White needed the top-30 to fulfill the minimum Olympic qualifying standard. As the top American, and the only U.S. rider to finish in the top three over the first two selection events, it puts him in the driver's seat to earn a spot on the U.S. slopestyle roster with three more qualifiers left.

That his score of 90.75 was behind the 1-2 Norwegian team of Staale Sandbech and Torstein Horgmo may have seemed out of sorts to those who are used to seeing White dominate every event he enters.

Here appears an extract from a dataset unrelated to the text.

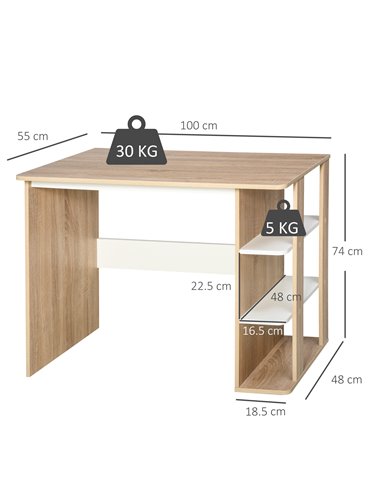 HOMCOM Computer Desk & 3-Tier Side Shelves Wide Table Top Home furniture OAK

That the tricks White used for his third-place run wouldn't have touched Canada's Mark McMorris, the two-time defending X Games champion who won last week but didn't even bother showing up for this event, may have seemed disconcerting to those who expect White to breeze to two gold medals in Sochi.

Not to worry, said White's coach, Bud Keane. To hear him tell it, this was nothing short of the perfect contest, even though it included a fall by White on his second run on a Copper Mountain course slowed by windy, 10-degree weather and occasional light snow.

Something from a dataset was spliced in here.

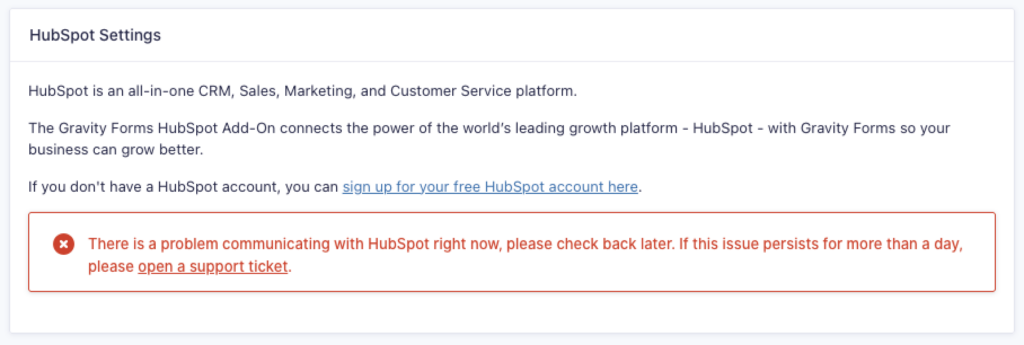 Image showing HubSpot button not displayed.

"This is the road to Sochi, not the road to Copper," Keane said. "We're keeping our eyes on the prize and we have every intention of winning."

Indeed, that road to Sochi is not so much about winning qualifying events as it is for managing the 27-year-old, two-time Olympic halfpipe champion who has struggled with balky ankles on and off for most of the past two years. His schedule has been doubled now that slopestyle is part of the Olympic program.

A tweaking of the left ankle during a fall on the halfpipe last week at the Dew Tour in Breckenridge "made the call for us" for the rest of the month, Keane said. "We had to do the right thing."

So, White withdrew from the slopestyle contest in Breckenridge and also from the halfpipe contest this week in Copper Mountain.

His priority was this week's slopestyle, which doubles as a World Cup event — the only one in the United States before the Olympics — in which he needed a top-30 finish to fulfill the international requirement. White guaranteed himself the top 30 by making it through the qualification round Thursday.

His first run in the final, which included a 1260-degree double cork jump at the bottom, made him a good bet for a top-4 finish, which is the first, and easiest, way to make the U.S. team. After that run, White watched from a warming tent, as Horgmo scored a 94.75.

It meant White would have to ramp up the difficulty on his second run to get the win. "We had intended to bump it up, increase the score," Keane said. But the second run got derailed when White fell after jumping off the very first rail on the course.

"A little bit strange to see," said American Sage Kotsenburg, who finished 14th. "He's always so on point."

He is, indeed, a man who prides himself on riding cleaner and bigger than anyone, pretty much any time he's riding in public.

But this is no normal situation, and this is no normal year.

"Shaun's the best," Keane said. "When you've got an athlete like that who's capable of winning everything, the most heartbreaking thing would be to go to the Olympics and not to win. Managing the bumps and bruises and infirmities is part of getting a winner up to the top of the hill in position to win when it counts the most."

The next qualifier starts Jan. 8 in Breckenridge.

"Now, I get two weeks of practice," White said, as he hurried down the hill to catch a flight home.